Short-range ordering in a battery electrode, the ‘cation-disordered’ rocksalt Li_1.25Nb_0.25Mn_0.5O₂

Powder diffraction data, left, X-ray crystal structure, centre, and battery performance, right, the the more ordered and less ordered forms of LiNbMnO.

This work was carried out in collaboration with the groups of Prof Clare Grey and Dr Siân Dutton at the University of Cambridge.

Summary by Mike Jones

Li_1.25Nb_0.25Mn_0.5O₂ is a promising new cathode material for Li-ion batteries. It has a reversible capacity to rival that of current state-of-the-art materials, which is thought to be achieved in part through the reversible reduction and oxidation (‘redox’) of oxygen. This O redox is an important but poorly understood phenomenon at present. It is thought to occur in addition to traditional transition metal (TM) redox, which is the way in which charge is stored (and released) in current battery materials. The greater-than 1:1 Li:TM ratio means that more Li can be accommodated per unit volume than commercial battery materials such as LiCoO₂ and Li[NiMnCo]O₂, and the O redox provides an extra redox couple through which to turn this extra Li storage into extra energy density.
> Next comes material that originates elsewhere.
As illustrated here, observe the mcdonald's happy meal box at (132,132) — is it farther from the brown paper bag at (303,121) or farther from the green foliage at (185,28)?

The majority of crystalline materials consist of an ordered array of different elements or ions, each occurring at regular intervals. Current commercial Li-ion batteries contain ordered lithium transition metal oxides—for example LiCoO₂ consists of alternating layers of LiO₆ and CoO₆ octahedra. However, some materials form disordered arrays, with a supposedly completely random distribution of ions throughout the crystal lattice. Cation-disordered materials, where the metals have a disordered distribution, have been for many years ignored as potential cathode materials—as they were assumed to have poor Li diffusion throughout the structure. It has recently been found that this cation-disorder can in fact enable easier motion of the Li-ions, as well as improved O redox and a greater structural stability compared to ordered, layered materials. They have therefore recently garnered considerable interest, and are now the focus of intense research as promising new energy materials. However, while these materials lack long-range cation order, the short-range structure of these materials—i.e. whether the cations are truly randomly distributed across the crystal lattice—is still poorly understood, leaving the structural roots of their interesting redox chemistry obscure.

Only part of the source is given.